Identifying the Cause of Dementia

Dementia may be caused by a number of issues, but Alzheimer’s is the leading cause. More than 5 million people in the United States are affected, and many more are affected by it around the world. One of the primary things that is seen in the disease is the development of abnormal protein, called amyloid beta. When seen on brain scans, it looks like clumps of tangled fiber. The effects that it has on brain cells are responsible for many symptoms of Alzheimer’s, including mood changes, loss of function and memory loss.

Although there is not a cure for Alzheimer’s, a few treatments have had modest benefits.

Going after Amyloid Beta

Sandrock and his colleagues turned to people who do not have Alzheimer’s or dementia. By collecting chemicals from healthy older individuals as well as those who have cognitive decline, it helped them to identify some of the problem. They identified an immune compound and then created a drug that works the same in the human body. In animal studies, it seemed a target amyloid beta and helped with the effects it has on the brain.

165 patients were given infusions of either this drug, known as aducanumab, or a placebo. Then a series of brain scans were performed. The individuals who are taking aducanumab showed a decrease in the amount of amyloid beta in the brain. When they received a higher dose, the effects were even greater.

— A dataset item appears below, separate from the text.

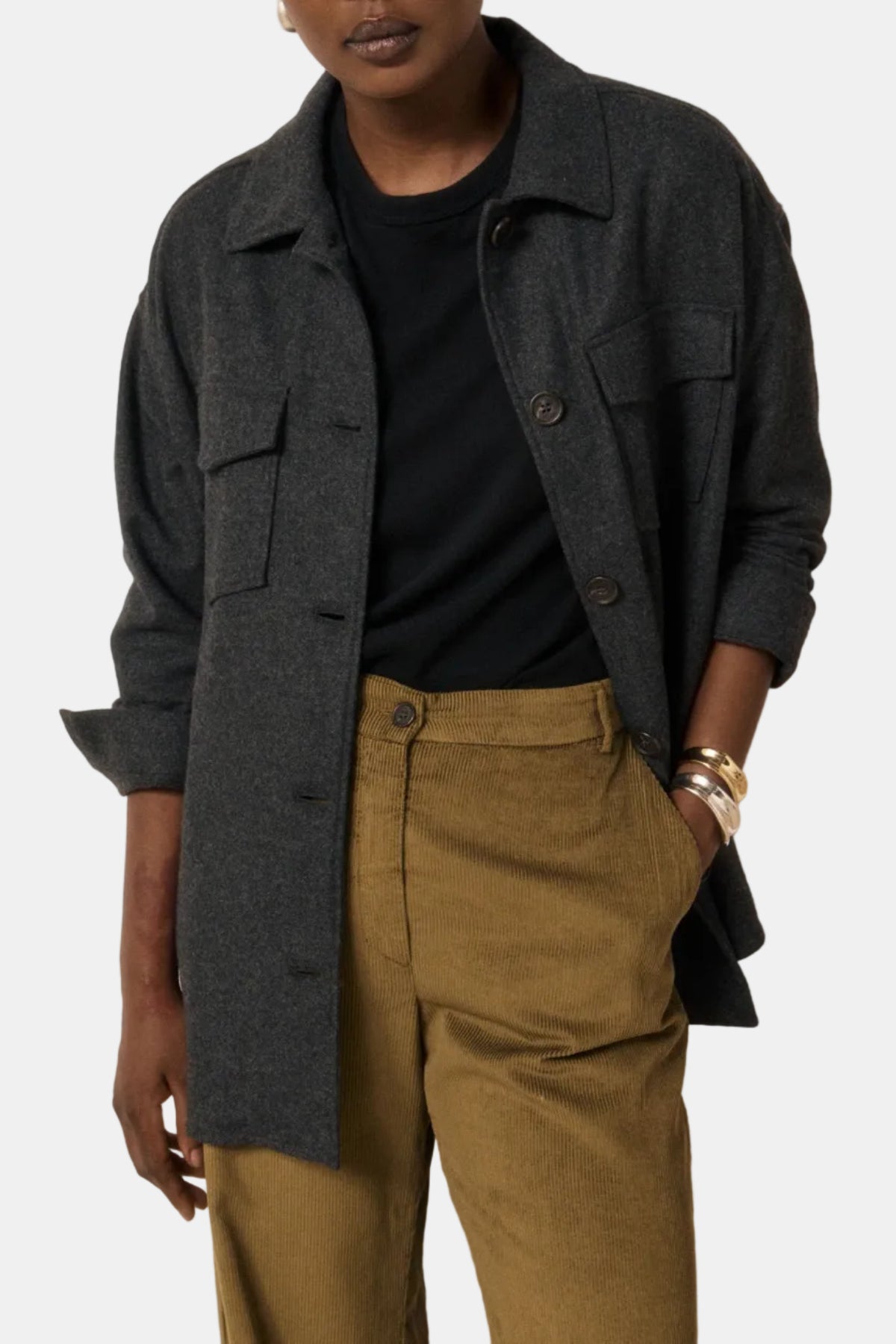 A model wearing a dark gray textured overshirt over a black t-shirt and olive green trousers, standing against a plain off-white wall.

“After one year, you can see no red on the image, meaning the amyloid has almost completely disappeared,” said Dr. Roger Nitsch, a co-author of the study and the director of the Institute for Regenerative Medicine at the University of Zurich. He is also a founder of the biopharmaceutical company Neuroimmune.

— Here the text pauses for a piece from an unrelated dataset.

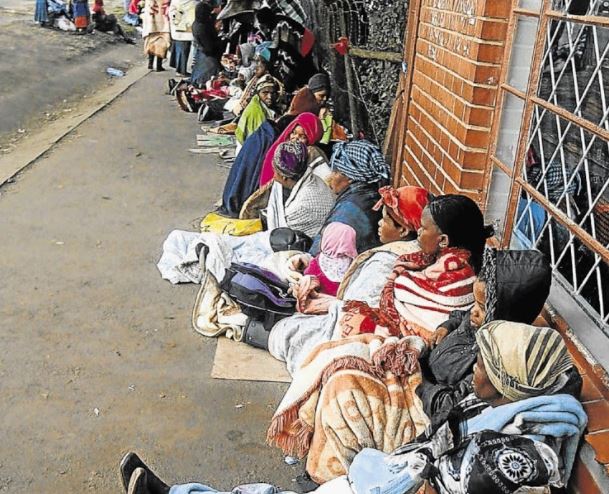 Social grant beneficiaries, mostly women, wait outside a Sassa office. File photo.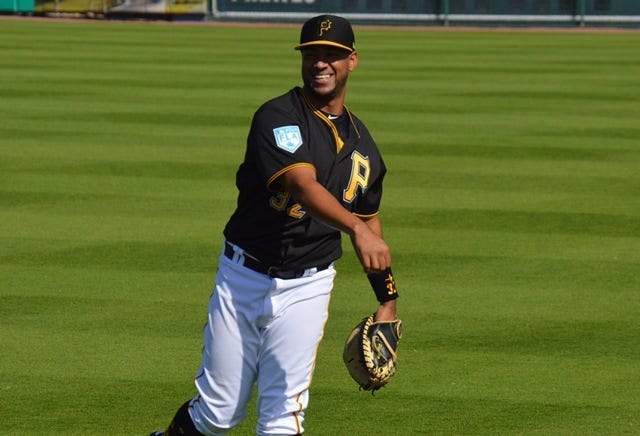 Elias Diaz throwing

Individuals who took the medication with Alzheimer’s who also had a genetic change called the APOE gene variant were more likely to experience a dangerous side effect known as amyloid-related imaging abnormalities, or ARIA. It showed up as fluid pockets in the brain.

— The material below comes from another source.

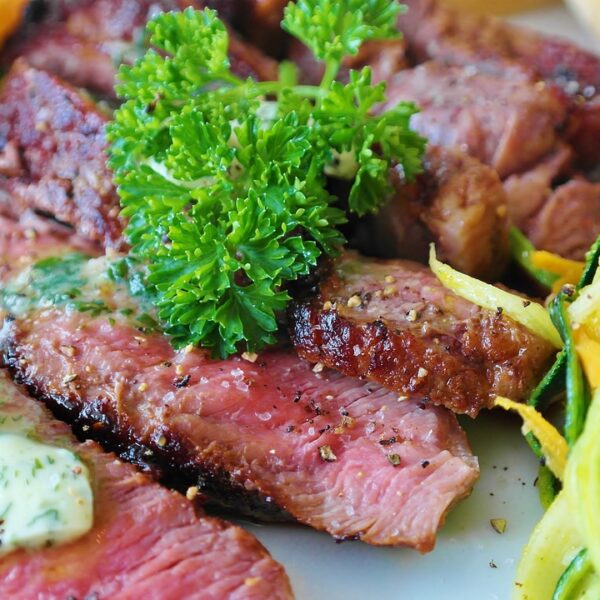 Sliced medium-rare steak topped with a dollop of herb butter and garnished with parsley, served with a side of spiralized vegetables.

The majority of people who developed ARIA were asymptomatic but a few individuals said they had headaches. In some cases, ARIA may increase the risk for cerebral hemorrhage and stroke.

The Results Are Unclear

The study was not done to see if the medication can produce cognitive benefit but they did find hints of cognitive benefit through their studies.

“We’re encouraged that, there appeared to be a slowing of cognitive decline at a dose-dependent manner, and also a dose-dependent slowing in functional decline,” said study co-author Dr. Stephen Salloway, a neurologist at Butler Hospital in Providence, Rhode Island.

In order to determine if the benefit is real, more studies need to be completed.

The question is if clearing amyloid beta will reduce cognitive decline. According to some researchers, amyloid beta may be a byproduct of the destructive brain process and not the cause.

Larger trials of the drug are likely to be performed and if they show improvement in the cognitive function of patients, it will help to settle the debate.

“It would be prudent to withhold judgment about aducanumab’s cognitive benefit until results from the larger trials are in,” Reiman wrote in the article.

It may also be possible that people who show symptoms have already been accumulating plaque for 15 years. By that time, much of the cognitive damage may have already occurred.

Eventually, this medication or one similar to it could be most effective when used during the first signs of plaque accumulation but when cognitive symptoms have not yet appeared.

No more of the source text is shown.